- **Problem to solve**
Each line from the one containing "Terramar Men's Thermasilk Pant" through the end of the entries below must be output exactly; no other line belongs.

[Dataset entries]
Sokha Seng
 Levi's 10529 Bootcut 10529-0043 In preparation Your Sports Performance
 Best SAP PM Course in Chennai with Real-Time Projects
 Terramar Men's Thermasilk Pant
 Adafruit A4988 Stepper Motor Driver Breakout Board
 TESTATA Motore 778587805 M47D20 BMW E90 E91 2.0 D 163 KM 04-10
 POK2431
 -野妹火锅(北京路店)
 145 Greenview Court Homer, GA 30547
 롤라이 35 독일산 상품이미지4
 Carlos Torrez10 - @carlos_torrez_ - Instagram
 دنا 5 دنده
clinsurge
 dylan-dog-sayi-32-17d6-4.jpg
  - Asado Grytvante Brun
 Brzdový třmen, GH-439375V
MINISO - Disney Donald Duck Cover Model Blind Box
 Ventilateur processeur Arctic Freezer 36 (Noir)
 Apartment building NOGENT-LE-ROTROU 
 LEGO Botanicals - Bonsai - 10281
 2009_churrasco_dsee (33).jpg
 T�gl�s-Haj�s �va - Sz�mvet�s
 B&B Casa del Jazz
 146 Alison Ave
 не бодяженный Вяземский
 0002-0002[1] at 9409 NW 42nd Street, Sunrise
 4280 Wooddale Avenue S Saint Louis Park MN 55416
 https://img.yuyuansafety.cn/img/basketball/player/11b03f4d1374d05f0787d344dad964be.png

- **Written response**
 Terramar Men's Thermasilk Pant
 Adafruit A4988 Stepper Motor Driver Breakout Board
 TESTATA Motore 778587805 M47D20 BMW E90 E91 2.0 D 163 KM 04-10
 POK2431
 -野妹火锅(北京路店)
 145 Greenview Court Homer, GA 30547
 롤라이 35 독일산 상품이미지4
 Carlos Torrez10 - @carlos_torrez_ - Instagram
 دنا 5 دنده
clinsurge
 dylan-dog-sayi-32-17d6-4.jpg
  - Asado Grytvante Brun
 Brzdový třmen, GH-439375V
MINISO - Disney Donald Duck Cover Model Blind Box
 Ventilateur processeur Arctic Freezer 36 (Noir)
 Apartment building NOGENT-LE-ROTROU 
 LEGO Botanicals - Bonsai - 10281
 2009_churrasco_dsee (33).jpg
 T�gl�s-Haj�s �va - Sz�mvet�s
 B&B Casa del Jazz
 146 Alison Ave
 не бодяженный Вяземский
 0002-0002[1] at 9409 NW 42nd Street, Sunrise
 4280 Wooddale Avenue S Saint Louis Park MN 55416
 https://img.yuyuansafety.cn/img/basketball/player/11b03f4d1374d05f0787d344dad964be.png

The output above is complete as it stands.